> [Collected data]
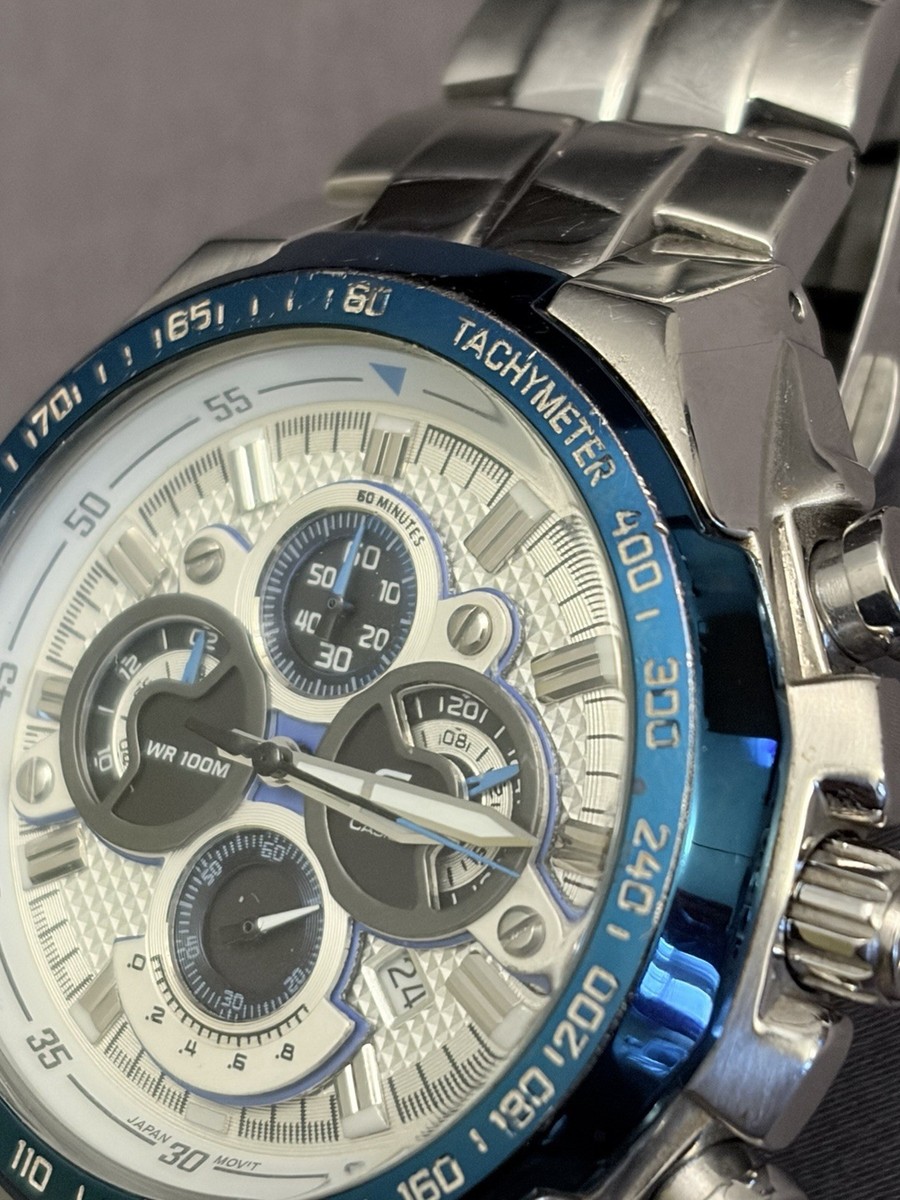 Casio Edifice EF-554 Chronograph | White Dial, Blue Bezel, with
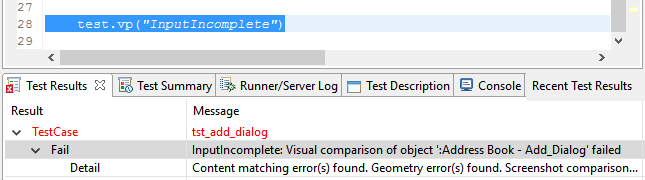 "Test Results with Visual Verification Point failure"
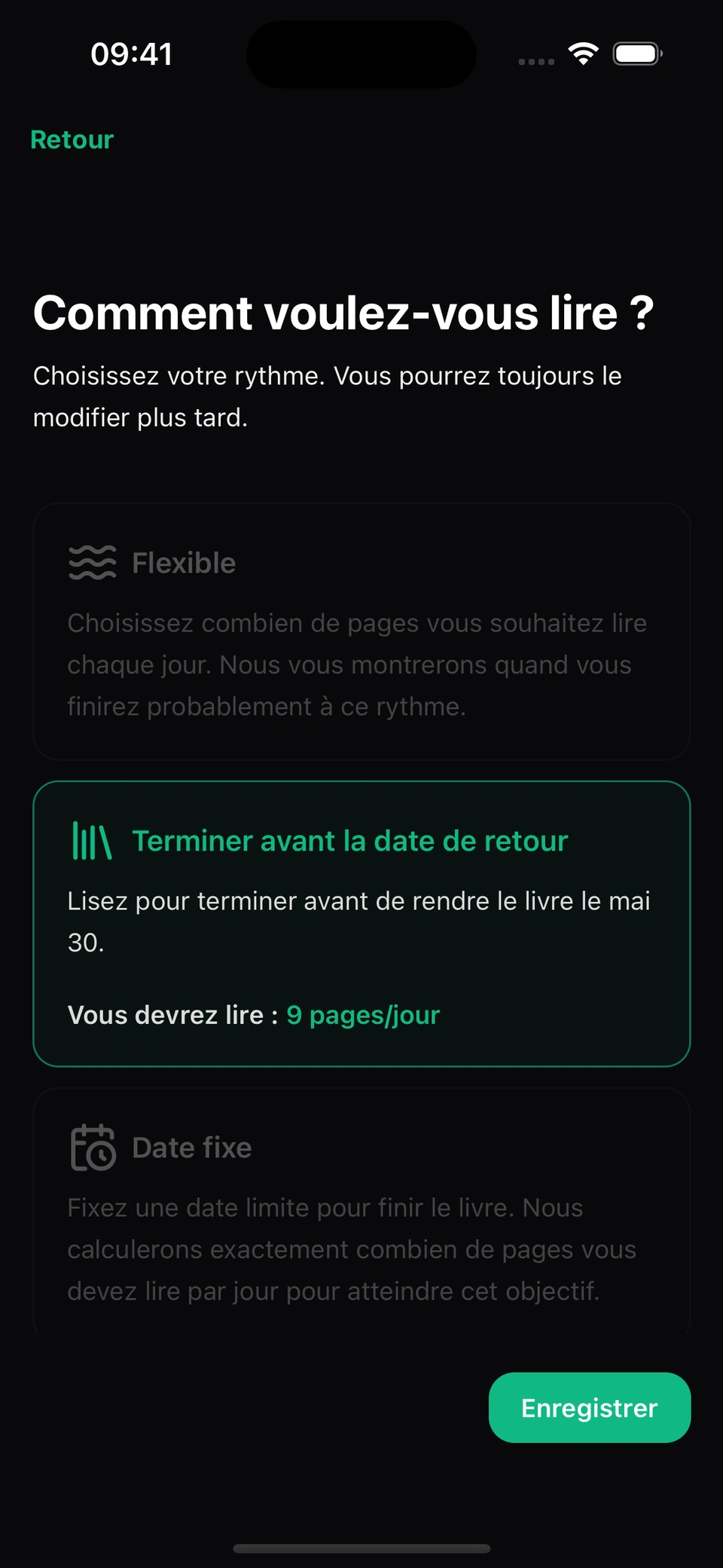Écran d'ajout de livre avec l'option Emprunté à la bibliothèque activée et une date de retour au 30 mai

> [Exercise aim] Transcribe all lines above exactly, skipping pictures.

> [Answer space]
 Casio Edifice EF-554 Chronograph | White Dial, Blue Bezel, with
 "Test Results with Visual Verification Point failure"
Écran d'ajout de livre avec l'option Emprunté à la bibliothèque activée et une date de retour au 30 mai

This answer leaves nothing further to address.